**INPUT DATA**
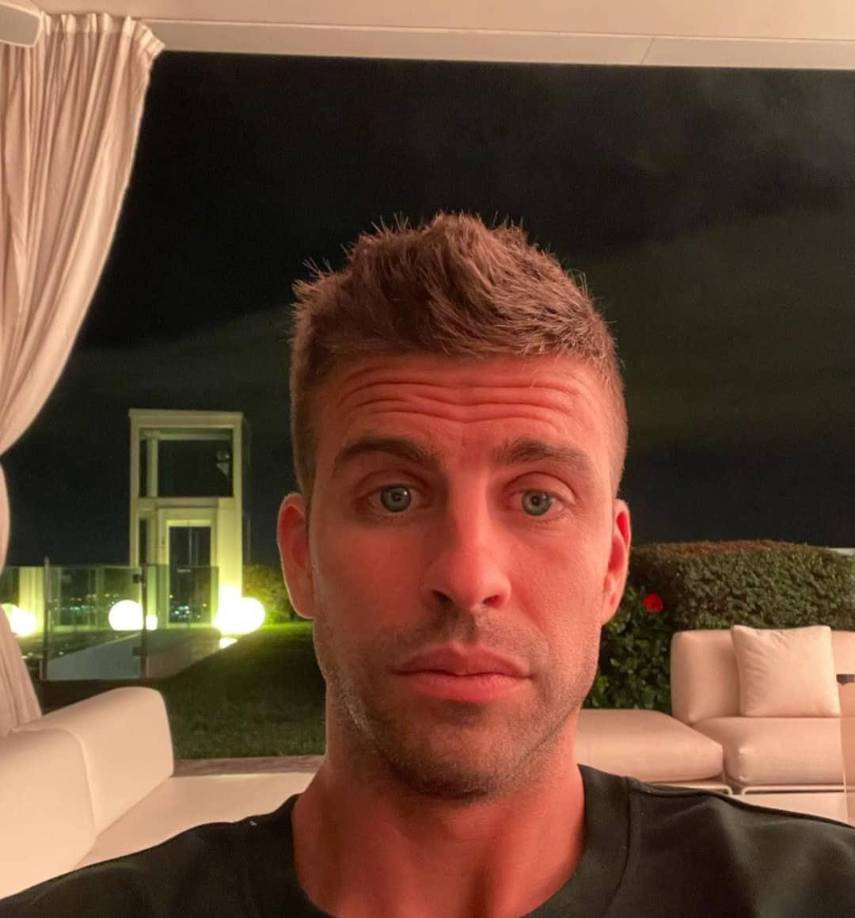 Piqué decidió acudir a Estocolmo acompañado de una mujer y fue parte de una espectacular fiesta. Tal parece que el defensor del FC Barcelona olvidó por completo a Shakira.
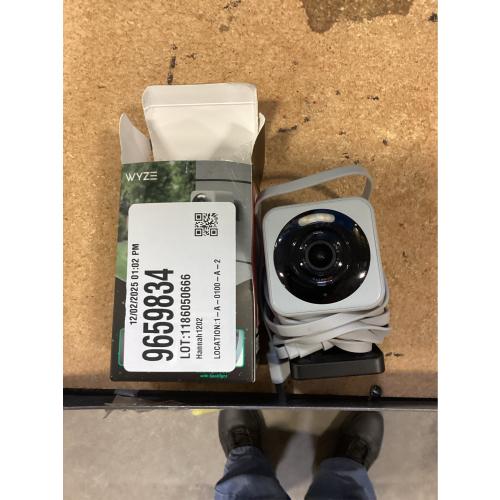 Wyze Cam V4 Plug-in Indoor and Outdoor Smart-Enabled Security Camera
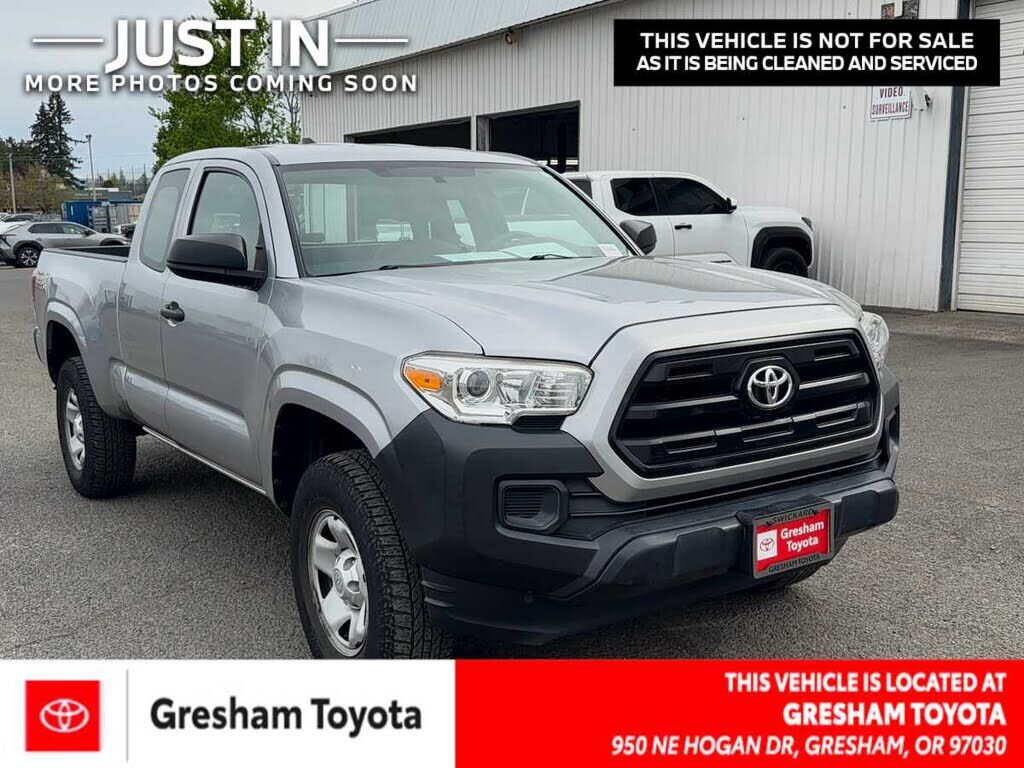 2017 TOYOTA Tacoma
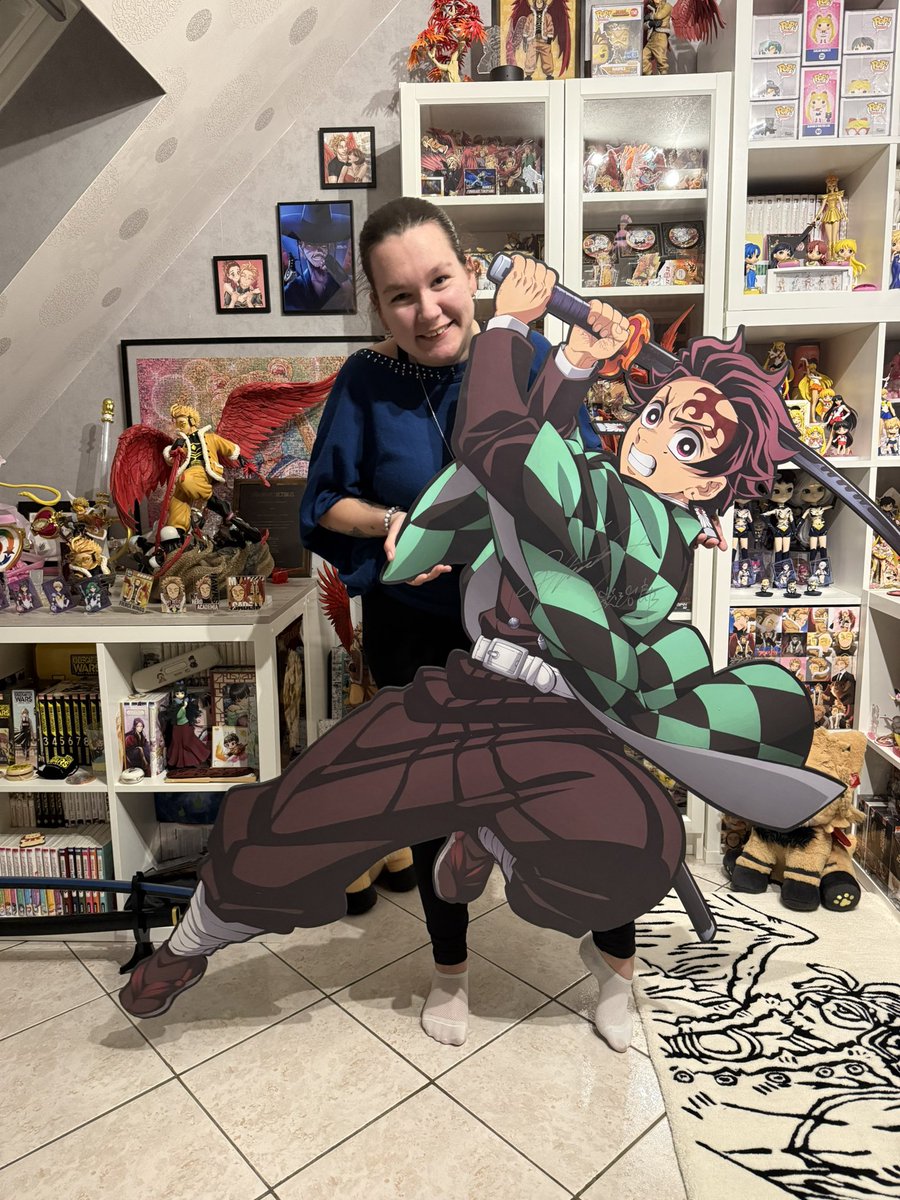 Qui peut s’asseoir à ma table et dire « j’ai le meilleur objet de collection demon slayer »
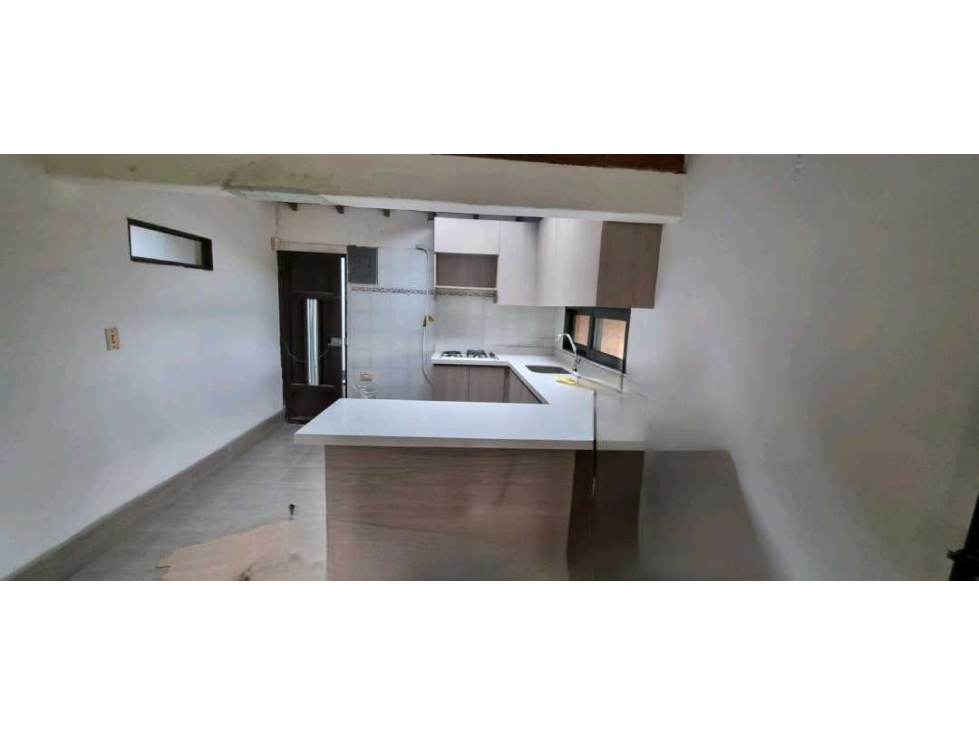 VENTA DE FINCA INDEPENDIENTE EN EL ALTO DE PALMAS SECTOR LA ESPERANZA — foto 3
---
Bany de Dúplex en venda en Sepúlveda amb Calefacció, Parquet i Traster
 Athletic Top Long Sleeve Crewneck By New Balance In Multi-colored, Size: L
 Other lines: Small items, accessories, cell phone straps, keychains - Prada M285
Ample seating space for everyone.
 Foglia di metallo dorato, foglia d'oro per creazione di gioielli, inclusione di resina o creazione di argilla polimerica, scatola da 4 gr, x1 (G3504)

**ASSIGNED TASK**
Copy the lines above exactly, starting with the line that contains "2017 TOYOTA Tacoma" and ending with the line that contains "VENTA DE FINCA", and leave out any pictures.

**RESPONSE TO THE EXERCISE**
 2017 TOYOTA Tacoma
 Qui peut s’asseoir à ma table et dire « j’ai le meilleur objet de collection demon slayer »
 VENTA DE FINCA INDEPENDIENTE EN EL ALTO DE PALMAS SECTOR LA ESPERANZA — foto 3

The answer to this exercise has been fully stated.